The C&C professional generally works on small primary teams averaging 15 people. Only eight percent of respondents reported working on teams larger than 30. Some evidence suggests that industries investing more in C&C initiatives are more likely to have larger team sizes. Those industries likely have more complex C&C initiatives requiring specialized skills across information architecture, technology and program management.
Industries and workers invest
C&C initiatives are a mile wide and more than an inch deep. Forrester and KMWorld asked survey respondents to list all the C&C initiatives sponsored by their companies. Across industries, organizations were investing in an average of nine major C&C projects. There are some clear trends: Companies are investing in knowledge and content management. According to our survey respondents, 65 percent and 64 percent respectively are investing in those areas. Other notable initiatives in which C&C professionals’ companies are investing include: portals (56 percent), collaboration (55 percent), business intelligence (55 percent) and information architecture (49 percent). Those six initiatives make up the hot spots across industries. Search, records management and archiving continue to remain popular.
The five least popular C&C initiatives are: text analytics, e-discovery, information workplace, smartphone applications and data quality/MDM and, interestingly enough, telecommuting support. Across all industries, less than 20 percent of companies are investing heavily in one of those areas.
On average, the C&C professional is responsible or accountable for between one and five C&C initiatives (Figure 2) http://www.kmworld.com/downloads/70848/KMW_chart_2010_p12.pdf. However, there are some initiatives in which C&C professionals are held more accountable than others. Projects that most C&C professionals are held responsible or accountable for include: knowledge management, content management, collaboration, information capture and intranet/employee portals. In fact, more than 50 percent of respondents cited one of those projects as their primary responsibility. Because they are initiatives in which companies are clearly investing, it only makes sense that C&C professionals would spend more time on those projects.

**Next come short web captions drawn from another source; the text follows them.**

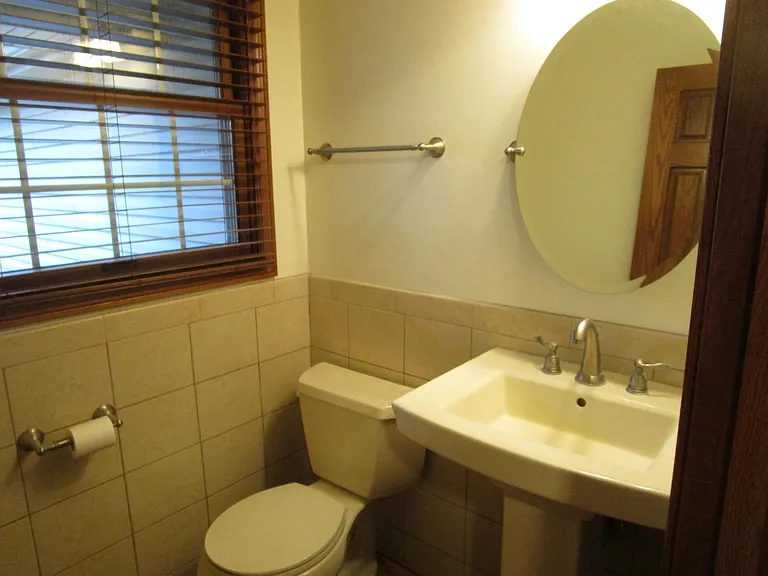 5045 Johnnycake Rdg NE — Photo 6
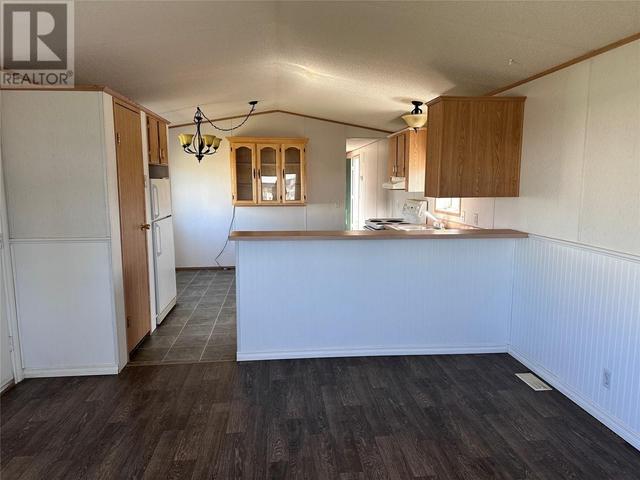 1029 97a Ave, House other with 2 bedrooms, 1 bathrooms and null parking in Dawson Creek BC | Image 7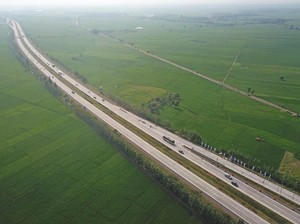 Imbas Jakarta-Cikampek Macet, Tol Cipali Pun Dibuka Satu Arah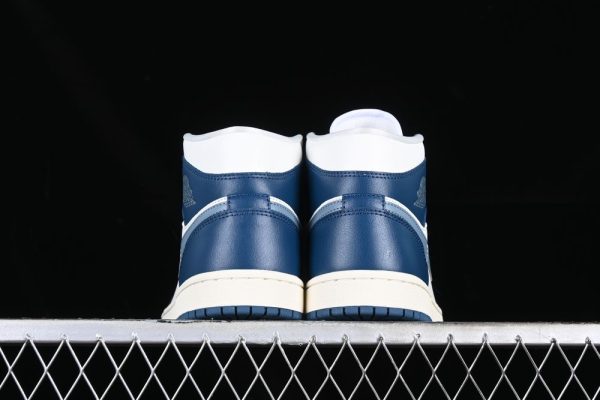 New Arrival AJ1 Mid SE White Blue BQ6472-414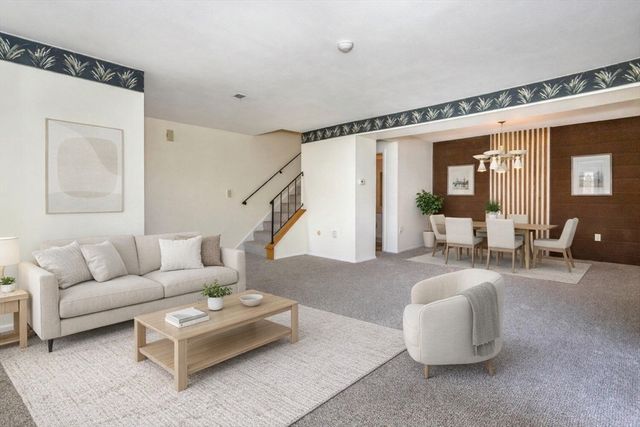 52 Rosewood Dr 52, Stoughton, MA 02072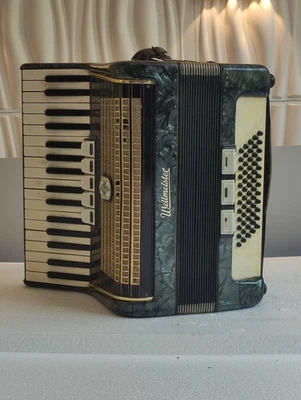 +Piano accordion WELTMEISTER 60 BASS - defective, for repair - Image 1 of 4
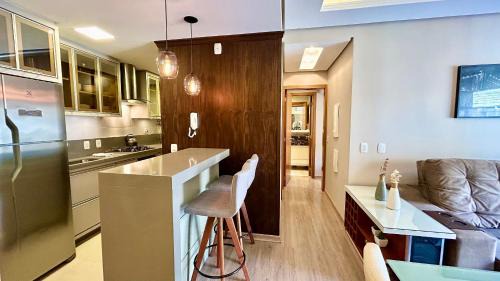 Carniel Apartamento | Alto Padrão com lareira, piscina e vista incrível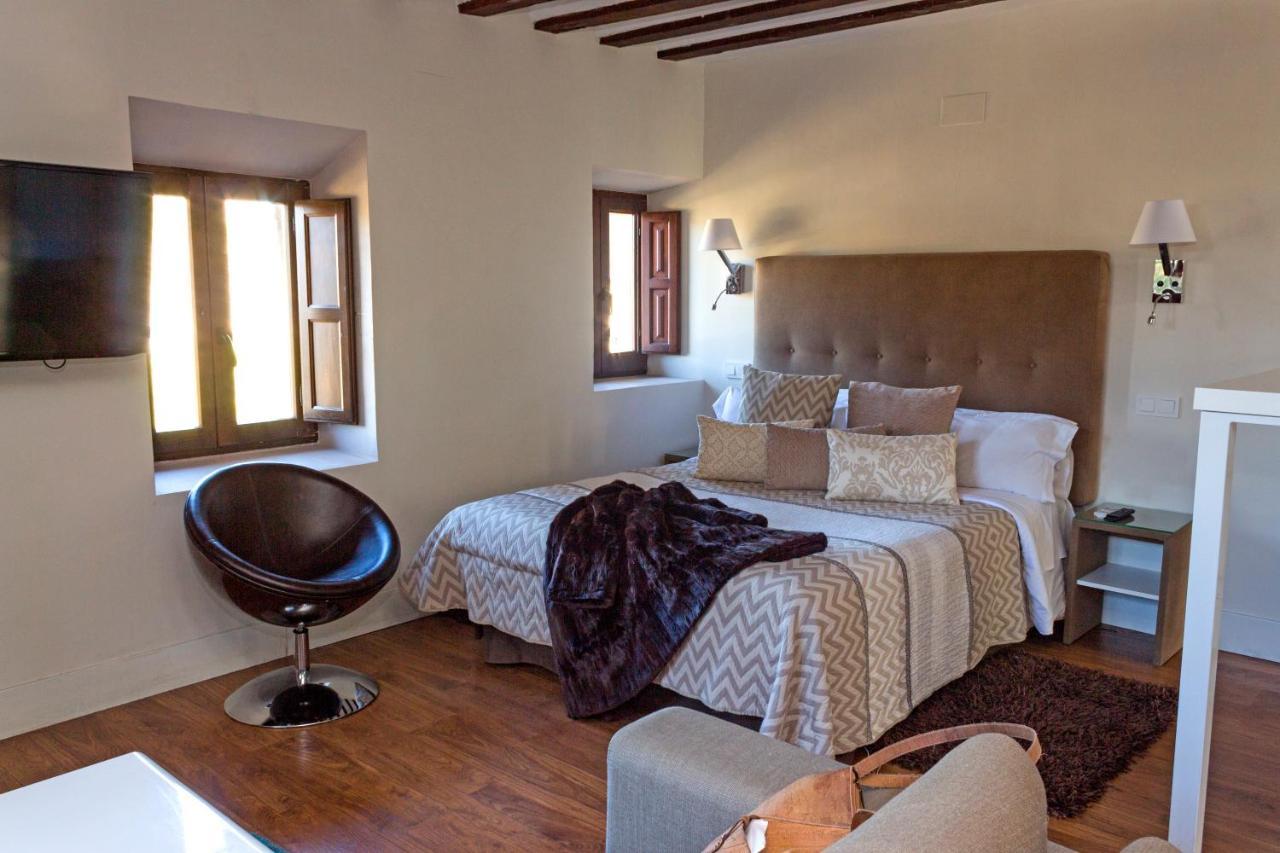 Los Ojos De La Mora Apartamentos Boutique Cuenca  Eksteriør bilde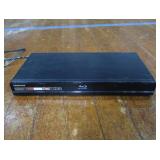 BLUERAY CD/DVD PLAYEER AND MAGNAVOX DUEL PLAYER
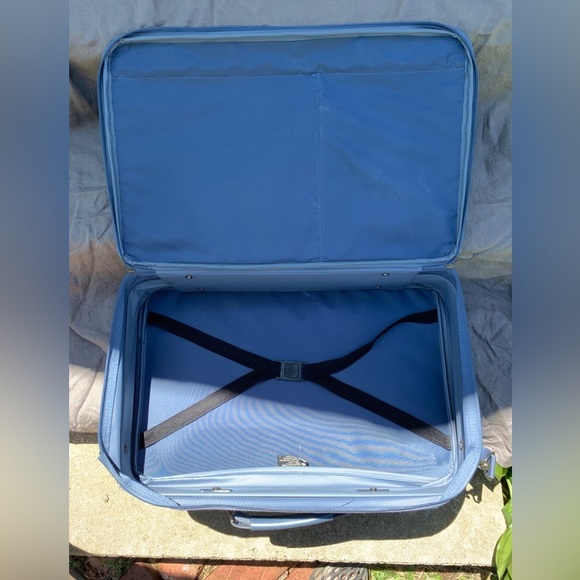 Samsonite Excel Shoulder Weekend Bag Carry On Blue 22x14x7 Handle Shoulder Strap - Picture 2 of 7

Data quality and communications projects get the short end of the stick. C&C professionals spend little time on data quality, unified communications, e-mail/IM/Web conferencing, smartphone applications and text analytics. Only five percent of respondents cited any of those initiatives as their primary task. Those projects are just not top of mind for C&C professionals and—except for e-mail, IM and Web conferencing—their companies are not investing in them. Despite the fact that nearly 50 percent of companies are engaging in e-mail/IM/Web conferencing initiatives, only one percent of C&C professionals surveyed work on those projects.
Barriers to success
C&C professionals are accountable for a variety of projects. But do they believe their initiatives are successful? Twenty-six percent believe they are not successful, 34 percent believe they are moderately successful and 41 percent believe they are very successful.
We asked C&C professionals to select the top barriers hampering the success of their primary initiative. Nearly 40 percent believe company politics and culture hinder success. That means C&C pros need to increase their focus on communications, influence and change management in the context of running programs. The other most cited barriers to success included funding constraints (28 percent), complexity of the IT environment (26 percent) and lack of staff (23 percent).